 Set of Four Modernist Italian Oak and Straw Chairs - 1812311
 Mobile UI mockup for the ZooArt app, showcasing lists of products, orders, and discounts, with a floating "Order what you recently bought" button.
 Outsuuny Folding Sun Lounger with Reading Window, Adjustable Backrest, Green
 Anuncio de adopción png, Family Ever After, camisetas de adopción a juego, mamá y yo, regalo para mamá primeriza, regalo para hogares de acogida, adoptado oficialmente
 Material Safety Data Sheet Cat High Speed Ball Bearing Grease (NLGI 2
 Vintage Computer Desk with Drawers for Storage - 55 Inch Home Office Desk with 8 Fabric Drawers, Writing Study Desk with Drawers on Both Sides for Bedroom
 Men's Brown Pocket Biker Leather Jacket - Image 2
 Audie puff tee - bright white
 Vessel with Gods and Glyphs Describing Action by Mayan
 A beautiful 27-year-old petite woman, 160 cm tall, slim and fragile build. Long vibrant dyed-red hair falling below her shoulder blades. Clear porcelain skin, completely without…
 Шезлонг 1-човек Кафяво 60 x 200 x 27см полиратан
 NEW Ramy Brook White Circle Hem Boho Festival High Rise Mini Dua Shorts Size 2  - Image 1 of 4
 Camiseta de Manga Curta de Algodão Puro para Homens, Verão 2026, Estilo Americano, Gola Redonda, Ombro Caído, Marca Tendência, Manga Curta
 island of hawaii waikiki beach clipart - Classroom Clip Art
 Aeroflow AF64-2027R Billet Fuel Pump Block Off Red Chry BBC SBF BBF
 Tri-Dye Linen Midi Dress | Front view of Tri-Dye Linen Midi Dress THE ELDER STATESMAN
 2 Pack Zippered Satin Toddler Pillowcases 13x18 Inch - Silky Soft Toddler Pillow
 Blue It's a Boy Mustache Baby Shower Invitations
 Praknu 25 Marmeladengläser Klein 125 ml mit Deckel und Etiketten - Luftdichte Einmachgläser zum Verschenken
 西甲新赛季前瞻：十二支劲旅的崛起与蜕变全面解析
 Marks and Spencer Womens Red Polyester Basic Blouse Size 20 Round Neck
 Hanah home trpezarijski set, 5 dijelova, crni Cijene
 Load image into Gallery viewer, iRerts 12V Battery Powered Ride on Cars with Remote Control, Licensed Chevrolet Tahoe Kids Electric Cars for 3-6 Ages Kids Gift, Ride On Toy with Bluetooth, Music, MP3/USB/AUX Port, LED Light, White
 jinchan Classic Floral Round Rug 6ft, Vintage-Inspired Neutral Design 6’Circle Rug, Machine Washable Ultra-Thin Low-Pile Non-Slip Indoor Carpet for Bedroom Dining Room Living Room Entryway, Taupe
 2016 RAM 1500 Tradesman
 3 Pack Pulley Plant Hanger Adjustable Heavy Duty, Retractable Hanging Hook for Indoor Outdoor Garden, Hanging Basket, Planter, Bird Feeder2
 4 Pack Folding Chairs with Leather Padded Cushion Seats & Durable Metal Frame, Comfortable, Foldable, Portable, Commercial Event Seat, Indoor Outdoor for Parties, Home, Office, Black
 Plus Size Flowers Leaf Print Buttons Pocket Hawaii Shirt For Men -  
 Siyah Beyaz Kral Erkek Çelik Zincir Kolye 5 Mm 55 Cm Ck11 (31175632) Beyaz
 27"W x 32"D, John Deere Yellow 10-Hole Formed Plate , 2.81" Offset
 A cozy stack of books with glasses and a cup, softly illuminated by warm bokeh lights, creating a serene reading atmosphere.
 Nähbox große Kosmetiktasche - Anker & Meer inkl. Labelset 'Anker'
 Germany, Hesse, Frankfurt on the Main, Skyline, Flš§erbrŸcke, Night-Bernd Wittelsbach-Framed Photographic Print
□ □ □ □
• _TASK STATEMENT_
What you return must be the lines above that run from the line with "Siyah Beyaz Kral" to the line with "Nähbox große Kosmetiktasche", inclusive, each copied exactly.

• _SOLUTION_
 Siyah Beyaz Kral Erkek Çelik Zincir Kolye 5 Mm 55 Cm Ck11 (31175632) Beyaz
 27"W x 32"D, John Deere Yellow 10-Hole Formed Plate , 2.81" Offset
 A cozy stack of books with glasses and a cup, softly illuminated by warm bokeh lights, creating a serene reading atmosphere.
 Nähbox große Kosmetiktasche - Anker & Meer inkl. Labelset 'Anker'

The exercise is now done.